He had experience but not knowledge. He gained the latter after testing his ears and only his ears in evaluating amplifiers, i.e. ABX test.

I could counter your anecdotal stories with hundreds of listening tests I have been part of to determine what I hear is right or not right. I can tell you that in vast majority of sighted tests, my evaluations have been wrong. This, despite being aware of what causes that kind of bias. Our entire being and listening ability hinges on us making up what is not there. A violin sounds like a violin even in a clock radio. As a species, we are an optimistic one, more akin to believing than not. This is why even knowledge of bias is not enough to keep us from making mistaken judgements. We routinely, easily and with no effort hear improvements that are not there. It is just who we are.

I hope deep down inside you have healthy doubt as to merits of what you are speaking of here. :)
 

WELquest

Industry Expert
Jan 30, 2016
46
8
138
Bill for some time scientist doubted the existence of the curve ball saying it was an optical illusion. The advance in slow motion photography made this claim more and more difficult to sustain. Even worse technology emerged that allows one to actually track the path of the ball.

Rather than admit they were wrong they announced the breaking ball was indeed a myth. There was no break just a gradual curve that begun when the ball left the pitchers hand.
One can only hope measuremts will catch up with what cables do.

Thanks for the excellent analogy -- which I see as applicable both because the original challenge was measuring at all, and because what was needing to be measured (the breaking phenomenon) was a level of detail in the physical phenomenon that was not being considered -- though was of course obvious once the photographic data forced awareness.

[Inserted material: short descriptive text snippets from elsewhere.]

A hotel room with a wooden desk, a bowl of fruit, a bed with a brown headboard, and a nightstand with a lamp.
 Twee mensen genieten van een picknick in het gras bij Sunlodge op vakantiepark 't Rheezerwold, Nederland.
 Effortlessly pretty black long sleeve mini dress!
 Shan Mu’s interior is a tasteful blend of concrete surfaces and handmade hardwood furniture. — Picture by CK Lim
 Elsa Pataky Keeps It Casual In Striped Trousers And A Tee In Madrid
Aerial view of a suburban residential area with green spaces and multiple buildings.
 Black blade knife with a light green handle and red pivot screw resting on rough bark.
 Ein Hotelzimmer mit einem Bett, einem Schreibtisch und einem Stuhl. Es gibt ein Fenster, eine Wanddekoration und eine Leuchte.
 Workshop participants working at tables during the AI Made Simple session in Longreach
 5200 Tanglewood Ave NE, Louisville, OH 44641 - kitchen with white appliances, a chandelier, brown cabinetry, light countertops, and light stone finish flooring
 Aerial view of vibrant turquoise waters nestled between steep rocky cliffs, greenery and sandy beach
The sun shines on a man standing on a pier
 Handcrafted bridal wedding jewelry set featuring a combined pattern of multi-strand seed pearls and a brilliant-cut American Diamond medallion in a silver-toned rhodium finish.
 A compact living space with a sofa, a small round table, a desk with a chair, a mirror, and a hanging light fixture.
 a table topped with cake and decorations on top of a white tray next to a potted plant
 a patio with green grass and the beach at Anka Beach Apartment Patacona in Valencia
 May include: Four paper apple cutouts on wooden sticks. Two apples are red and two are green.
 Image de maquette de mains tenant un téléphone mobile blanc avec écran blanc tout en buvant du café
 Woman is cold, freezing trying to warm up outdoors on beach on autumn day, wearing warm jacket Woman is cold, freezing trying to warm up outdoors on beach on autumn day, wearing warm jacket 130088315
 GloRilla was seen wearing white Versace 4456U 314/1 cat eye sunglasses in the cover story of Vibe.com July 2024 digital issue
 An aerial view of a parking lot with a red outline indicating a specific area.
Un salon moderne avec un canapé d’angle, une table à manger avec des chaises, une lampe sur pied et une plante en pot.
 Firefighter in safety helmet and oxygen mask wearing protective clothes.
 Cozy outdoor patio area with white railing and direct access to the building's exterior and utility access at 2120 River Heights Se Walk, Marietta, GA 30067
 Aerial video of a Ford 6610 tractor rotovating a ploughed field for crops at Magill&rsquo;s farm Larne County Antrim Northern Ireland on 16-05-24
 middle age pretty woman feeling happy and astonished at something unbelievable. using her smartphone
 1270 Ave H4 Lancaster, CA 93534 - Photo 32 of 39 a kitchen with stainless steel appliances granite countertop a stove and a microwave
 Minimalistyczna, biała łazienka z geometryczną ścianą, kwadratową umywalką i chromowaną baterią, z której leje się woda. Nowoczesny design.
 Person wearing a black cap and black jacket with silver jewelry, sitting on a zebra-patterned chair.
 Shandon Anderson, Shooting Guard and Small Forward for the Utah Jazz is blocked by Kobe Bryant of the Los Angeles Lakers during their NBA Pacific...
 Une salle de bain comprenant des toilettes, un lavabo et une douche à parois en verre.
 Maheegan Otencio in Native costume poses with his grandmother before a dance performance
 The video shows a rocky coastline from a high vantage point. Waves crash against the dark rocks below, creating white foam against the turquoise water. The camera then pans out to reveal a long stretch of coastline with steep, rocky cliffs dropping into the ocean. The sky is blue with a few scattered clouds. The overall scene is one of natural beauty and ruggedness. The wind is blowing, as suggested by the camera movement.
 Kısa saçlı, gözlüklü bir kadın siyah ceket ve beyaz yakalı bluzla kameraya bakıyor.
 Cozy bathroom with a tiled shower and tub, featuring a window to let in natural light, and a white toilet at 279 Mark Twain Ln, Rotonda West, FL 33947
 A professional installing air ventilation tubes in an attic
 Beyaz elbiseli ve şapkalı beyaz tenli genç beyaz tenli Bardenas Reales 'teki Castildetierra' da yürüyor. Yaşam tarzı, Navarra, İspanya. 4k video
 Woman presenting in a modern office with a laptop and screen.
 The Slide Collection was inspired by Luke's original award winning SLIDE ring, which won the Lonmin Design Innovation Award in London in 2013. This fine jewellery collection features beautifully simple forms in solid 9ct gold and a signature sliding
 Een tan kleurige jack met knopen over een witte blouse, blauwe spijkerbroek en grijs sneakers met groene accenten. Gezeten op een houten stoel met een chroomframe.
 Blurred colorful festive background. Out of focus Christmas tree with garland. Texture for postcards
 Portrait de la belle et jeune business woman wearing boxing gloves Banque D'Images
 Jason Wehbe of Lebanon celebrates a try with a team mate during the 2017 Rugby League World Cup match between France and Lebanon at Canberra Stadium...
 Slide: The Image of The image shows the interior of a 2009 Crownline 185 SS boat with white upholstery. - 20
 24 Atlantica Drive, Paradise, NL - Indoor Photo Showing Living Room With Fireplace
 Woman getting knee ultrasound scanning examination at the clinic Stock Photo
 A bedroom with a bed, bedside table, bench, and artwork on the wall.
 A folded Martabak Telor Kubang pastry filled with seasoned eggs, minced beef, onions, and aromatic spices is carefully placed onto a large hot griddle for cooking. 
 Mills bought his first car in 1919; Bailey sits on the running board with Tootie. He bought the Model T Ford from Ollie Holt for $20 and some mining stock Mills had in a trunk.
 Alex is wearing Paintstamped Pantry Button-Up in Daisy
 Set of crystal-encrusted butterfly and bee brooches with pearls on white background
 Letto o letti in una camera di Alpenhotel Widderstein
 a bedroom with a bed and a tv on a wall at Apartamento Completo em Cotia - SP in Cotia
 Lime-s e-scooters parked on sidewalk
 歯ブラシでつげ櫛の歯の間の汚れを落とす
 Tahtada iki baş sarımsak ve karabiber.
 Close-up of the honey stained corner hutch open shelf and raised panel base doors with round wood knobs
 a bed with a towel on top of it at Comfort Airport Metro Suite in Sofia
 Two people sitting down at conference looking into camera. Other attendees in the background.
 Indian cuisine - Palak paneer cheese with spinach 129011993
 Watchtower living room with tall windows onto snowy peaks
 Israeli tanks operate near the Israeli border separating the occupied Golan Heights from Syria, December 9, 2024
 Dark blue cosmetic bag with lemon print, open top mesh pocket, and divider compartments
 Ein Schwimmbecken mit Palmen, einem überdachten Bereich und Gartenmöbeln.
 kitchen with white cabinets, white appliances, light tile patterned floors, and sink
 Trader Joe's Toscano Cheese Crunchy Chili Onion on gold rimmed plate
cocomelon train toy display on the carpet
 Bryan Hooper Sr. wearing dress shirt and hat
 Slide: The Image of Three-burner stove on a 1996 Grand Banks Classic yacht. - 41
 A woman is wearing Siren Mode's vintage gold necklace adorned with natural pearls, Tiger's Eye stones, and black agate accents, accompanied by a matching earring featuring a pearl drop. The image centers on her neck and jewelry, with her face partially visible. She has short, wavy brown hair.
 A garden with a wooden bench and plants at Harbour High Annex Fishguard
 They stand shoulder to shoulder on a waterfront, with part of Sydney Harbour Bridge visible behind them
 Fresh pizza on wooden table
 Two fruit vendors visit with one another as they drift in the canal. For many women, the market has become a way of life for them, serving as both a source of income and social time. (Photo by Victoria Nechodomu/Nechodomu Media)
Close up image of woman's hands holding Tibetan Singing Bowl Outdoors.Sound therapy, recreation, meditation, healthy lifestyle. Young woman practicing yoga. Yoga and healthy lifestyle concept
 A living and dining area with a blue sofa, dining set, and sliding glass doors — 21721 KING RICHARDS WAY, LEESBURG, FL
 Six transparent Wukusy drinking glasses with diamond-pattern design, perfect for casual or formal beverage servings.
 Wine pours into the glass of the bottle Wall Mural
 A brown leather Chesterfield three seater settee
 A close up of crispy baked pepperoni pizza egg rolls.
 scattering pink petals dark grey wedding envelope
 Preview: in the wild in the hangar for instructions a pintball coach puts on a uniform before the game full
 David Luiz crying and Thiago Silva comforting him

Hindsight makes what has been discovered seem so obvious, which to the lesser minded is taken as a sort of proof that's what not yet equally visible must not exist.

I suspect that even when humanity's time in the universe ends, thousands or billions of years from now, the dual frontiers will never have gone away: The frontier of yet to be learned questions, much less answers, and the frontier of what is already well known and understood being visible to and undeniable by all.

I can only wish that the frontier of wisdom, respect for the not-yet-known, will have progressed, though I cannot imagine that the dual phenomenon of some portion of humanity believing in ridiculous things, and another portion not believing evident truths, will have fundamentally changed.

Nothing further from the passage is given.